TASK GOAL:
Look through the entries below and report every line that has "goes".

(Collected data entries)

------------------------------------------------

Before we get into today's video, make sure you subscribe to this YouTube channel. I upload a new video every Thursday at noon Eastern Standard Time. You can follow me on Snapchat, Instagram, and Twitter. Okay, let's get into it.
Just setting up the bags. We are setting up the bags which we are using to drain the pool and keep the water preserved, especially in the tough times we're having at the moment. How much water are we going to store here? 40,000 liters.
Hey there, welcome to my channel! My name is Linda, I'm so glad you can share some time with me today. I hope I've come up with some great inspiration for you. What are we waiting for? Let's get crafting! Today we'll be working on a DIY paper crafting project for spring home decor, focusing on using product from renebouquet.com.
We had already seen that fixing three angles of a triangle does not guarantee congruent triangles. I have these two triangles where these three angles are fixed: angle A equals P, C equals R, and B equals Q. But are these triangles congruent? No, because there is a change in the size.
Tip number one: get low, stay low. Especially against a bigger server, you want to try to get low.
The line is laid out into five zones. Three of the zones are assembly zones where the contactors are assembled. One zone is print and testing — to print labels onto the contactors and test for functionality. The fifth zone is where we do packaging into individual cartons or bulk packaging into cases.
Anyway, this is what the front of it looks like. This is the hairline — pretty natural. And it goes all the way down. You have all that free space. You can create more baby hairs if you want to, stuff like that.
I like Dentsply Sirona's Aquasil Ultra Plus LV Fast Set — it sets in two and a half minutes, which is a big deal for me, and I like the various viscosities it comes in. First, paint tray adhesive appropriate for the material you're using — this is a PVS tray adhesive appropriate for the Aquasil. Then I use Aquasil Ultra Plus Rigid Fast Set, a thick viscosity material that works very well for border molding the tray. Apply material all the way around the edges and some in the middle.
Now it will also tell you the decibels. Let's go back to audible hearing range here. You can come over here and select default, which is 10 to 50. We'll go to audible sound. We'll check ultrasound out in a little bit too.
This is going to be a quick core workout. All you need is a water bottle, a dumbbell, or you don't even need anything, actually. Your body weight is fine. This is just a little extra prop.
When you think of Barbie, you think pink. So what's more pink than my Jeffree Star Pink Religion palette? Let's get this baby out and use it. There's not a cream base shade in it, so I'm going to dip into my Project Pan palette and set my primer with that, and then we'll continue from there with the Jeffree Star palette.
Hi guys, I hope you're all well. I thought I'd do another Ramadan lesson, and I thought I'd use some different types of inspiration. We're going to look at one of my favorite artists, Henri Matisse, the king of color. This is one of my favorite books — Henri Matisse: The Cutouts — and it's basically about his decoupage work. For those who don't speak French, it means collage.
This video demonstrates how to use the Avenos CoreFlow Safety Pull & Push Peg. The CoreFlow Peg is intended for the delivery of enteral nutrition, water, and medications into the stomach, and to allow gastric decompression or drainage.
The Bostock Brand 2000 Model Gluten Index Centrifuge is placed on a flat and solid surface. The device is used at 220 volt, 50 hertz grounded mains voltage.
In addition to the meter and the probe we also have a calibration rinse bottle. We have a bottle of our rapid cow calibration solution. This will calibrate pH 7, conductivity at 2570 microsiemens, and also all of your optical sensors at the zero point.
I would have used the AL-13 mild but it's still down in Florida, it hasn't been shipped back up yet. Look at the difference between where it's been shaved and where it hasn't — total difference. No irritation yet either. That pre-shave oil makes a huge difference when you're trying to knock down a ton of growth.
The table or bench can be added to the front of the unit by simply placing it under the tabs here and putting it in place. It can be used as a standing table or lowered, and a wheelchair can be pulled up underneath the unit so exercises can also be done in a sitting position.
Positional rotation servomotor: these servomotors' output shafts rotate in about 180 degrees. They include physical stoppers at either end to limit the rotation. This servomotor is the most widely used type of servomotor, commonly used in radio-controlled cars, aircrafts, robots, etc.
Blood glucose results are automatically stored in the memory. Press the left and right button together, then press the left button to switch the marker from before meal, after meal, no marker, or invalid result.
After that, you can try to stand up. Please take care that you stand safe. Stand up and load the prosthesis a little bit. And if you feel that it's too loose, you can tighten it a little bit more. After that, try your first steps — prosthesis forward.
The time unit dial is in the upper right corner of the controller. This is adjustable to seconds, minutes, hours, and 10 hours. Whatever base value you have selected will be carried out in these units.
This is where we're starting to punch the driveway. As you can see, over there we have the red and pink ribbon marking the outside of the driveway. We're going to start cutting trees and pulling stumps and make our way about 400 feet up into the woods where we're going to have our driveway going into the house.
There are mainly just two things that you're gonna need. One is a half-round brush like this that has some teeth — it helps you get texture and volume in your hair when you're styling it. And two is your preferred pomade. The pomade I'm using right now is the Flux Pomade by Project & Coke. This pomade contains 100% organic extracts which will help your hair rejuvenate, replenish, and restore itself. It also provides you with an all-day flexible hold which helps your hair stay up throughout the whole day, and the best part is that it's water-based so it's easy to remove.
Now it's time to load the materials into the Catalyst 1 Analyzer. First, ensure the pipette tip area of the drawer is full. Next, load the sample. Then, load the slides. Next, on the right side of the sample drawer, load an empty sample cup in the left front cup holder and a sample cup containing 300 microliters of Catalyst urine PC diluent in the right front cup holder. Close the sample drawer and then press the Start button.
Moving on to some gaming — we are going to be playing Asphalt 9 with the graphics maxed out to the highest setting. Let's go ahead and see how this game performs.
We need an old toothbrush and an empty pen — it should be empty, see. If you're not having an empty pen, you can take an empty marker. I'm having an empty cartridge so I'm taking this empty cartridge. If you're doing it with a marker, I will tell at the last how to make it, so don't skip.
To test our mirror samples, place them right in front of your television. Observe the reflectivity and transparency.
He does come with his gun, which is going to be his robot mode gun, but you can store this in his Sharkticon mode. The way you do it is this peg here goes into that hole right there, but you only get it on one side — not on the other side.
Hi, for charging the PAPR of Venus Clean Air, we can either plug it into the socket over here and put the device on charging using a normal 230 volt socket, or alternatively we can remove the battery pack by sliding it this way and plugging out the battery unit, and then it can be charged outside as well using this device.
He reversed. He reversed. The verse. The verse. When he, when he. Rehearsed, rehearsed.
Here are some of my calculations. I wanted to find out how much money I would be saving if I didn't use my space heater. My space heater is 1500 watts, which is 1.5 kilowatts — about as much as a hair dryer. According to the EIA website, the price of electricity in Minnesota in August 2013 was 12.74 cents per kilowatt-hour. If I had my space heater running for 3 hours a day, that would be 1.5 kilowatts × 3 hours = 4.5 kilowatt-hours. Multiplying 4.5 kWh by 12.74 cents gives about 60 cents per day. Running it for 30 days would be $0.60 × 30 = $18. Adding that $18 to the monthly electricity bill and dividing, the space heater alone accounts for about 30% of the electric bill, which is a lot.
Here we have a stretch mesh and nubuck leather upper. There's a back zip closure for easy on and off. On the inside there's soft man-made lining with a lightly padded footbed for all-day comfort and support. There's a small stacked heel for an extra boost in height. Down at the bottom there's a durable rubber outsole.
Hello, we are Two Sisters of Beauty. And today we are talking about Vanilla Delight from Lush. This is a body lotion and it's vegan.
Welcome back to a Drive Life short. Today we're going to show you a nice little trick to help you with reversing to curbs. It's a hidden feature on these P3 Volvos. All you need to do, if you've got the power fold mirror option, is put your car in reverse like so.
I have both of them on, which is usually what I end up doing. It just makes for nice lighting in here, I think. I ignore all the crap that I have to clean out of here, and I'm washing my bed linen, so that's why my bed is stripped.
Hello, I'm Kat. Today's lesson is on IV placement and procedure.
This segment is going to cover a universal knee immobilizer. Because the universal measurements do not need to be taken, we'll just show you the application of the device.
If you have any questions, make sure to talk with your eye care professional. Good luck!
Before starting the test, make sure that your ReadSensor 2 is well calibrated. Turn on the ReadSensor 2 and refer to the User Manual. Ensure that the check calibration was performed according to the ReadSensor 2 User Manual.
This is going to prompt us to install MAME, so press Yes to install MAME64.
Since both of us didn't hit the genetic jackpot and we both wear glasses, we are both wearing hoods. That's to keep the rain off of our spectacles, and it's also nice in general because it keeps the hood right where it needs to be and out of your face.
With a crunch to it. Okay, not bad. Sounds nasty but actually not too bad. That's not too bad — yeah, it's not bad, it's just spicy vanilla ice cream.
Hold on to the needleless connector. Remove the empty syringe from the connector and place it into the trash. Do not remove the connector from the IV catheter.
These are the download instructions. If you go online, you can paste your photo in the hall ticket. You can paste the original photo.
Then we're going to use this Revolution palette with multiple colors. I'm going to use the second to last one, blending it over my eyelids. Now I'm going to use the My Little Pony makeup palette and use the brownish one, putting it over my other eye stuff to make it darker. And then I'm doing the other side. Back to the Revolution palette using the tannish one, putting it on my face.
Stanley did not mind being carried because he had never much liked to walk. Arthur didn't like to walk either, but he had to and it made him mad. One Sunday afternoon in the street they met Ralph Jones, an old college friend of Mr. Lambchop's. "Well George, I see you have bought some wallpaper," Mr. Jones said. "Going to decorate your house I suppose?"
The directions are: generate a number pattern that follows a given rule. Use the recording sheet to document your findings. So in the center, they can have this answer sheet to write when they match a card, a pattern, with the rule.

------------------------------------------------

RESPONSE TO THE TASK:
Anyway, this is what the front of it looks like. This is the hairline — pretty natural. And it goes all the way down. You have all that free space. You can create more baby hairs if you want to, stuff like that.
He does come with his gun, which is going to be his robot mode gun, but you can store this in his Sharkticon mode. The way you do it is this peg here goes into that hole right there, but you only get it on one side — not on the other side.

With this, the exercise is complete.